The recipe formerly known as Sheila Spaghetti.
In college I lived on spaghetti like many of my peers. It was quick, easy and cheap. Also felt like having a real, home-cooked meal resembling something of a normal life. All things a college student quite enjoys.
Keeping one lesson from home in my back pocket, I always stretched out the amount of meals I could get out of a jar of marinara and box of noodles, by adding vegetables.

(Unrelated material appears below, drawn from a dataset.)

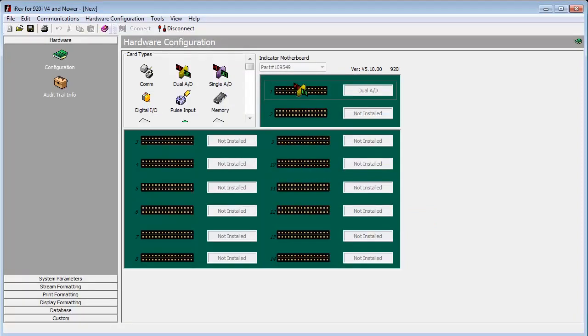This has been a demonstration of setting up a total scale using iRev. Thank you for your time.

My mom once showed me a simple “trick” that made an impression. She was making a can of soup as part of dinner to put on top of rice. She told me the can had 4 cups in it. That meant we each got 1 cup of soup for dinner. Then she filled it with water and added it the pot. Now we each got 2 cups for dinner or 1 to save for later, but it would be watery. Then she took out a bag of frozen vegetables and added it to the pot – another 4 cups. Now we each could have 3 cups and there would be more flavor. We had dinner for that night and the next. Moms are so smart!
Not a big fan of frozen vegetables, I kept the lesson, but put my own twist on it. I would purchase a little of the cheapest produce every time I went to the grocery store and throw it in every meal, including spaghetti.
Years down the road I met my best friend and without even thinking made what he kindly titled, “Sheila Spaghetti.” Being roommates with your best friend seems like non-stop fun, football and tomfoolery, but it came with the same pressing question on the minds of millions, “what’s for dinner.”
Our household had some standard meals set in rotation that we each loved to make. There was also the adventure of me testing recipes for clients and classes. Whenever we had a special occasion in the household or I let Brian pick what he wanted for dinner, he would always opt for Sheila Spaghetti.
Sheila Spaghetti can be defined as every vegetable in the house cooked up in some fashion with healthy store bought or homemade marinara (depending on time available) served over a small amount of hippy-gluten free noodles.
As cooking pasta is not my strong suit, the deal was “I’ll make Sheila Spaghetti if you cook the noodles.” (Later solved that by discovering spaghetti squash is amazing, not scary.)
In honor of my best friend’s birthday, Sheila Spaghetti will now be known as Bear Spaghetti.
1 TBS Sunflower Oil, Divided
1 Spaghetti Squash, Washed, Quartered & Deseeded
12 Tomatoes, Quartered
1 Onion, Chopped
1 TBS Minced Garlic
1 Crookneck Squash, Chopped
1 Zucchini, Chopped
4 Carrots, Chopped
4 Cups Green Beans
2 Cups Asparagus
12 Mushrooms, Quarter
2 TBS Italian Seasoning, Salt-Free
You have options here. Typically this recipe is served up sautéed, however it is actually easier and less time consuming to roast everything. Regardless which method you choose, the squash still needs roasted the same.
*If making this meal for Brian, make sure to cook up some ground elk or bison to go with this.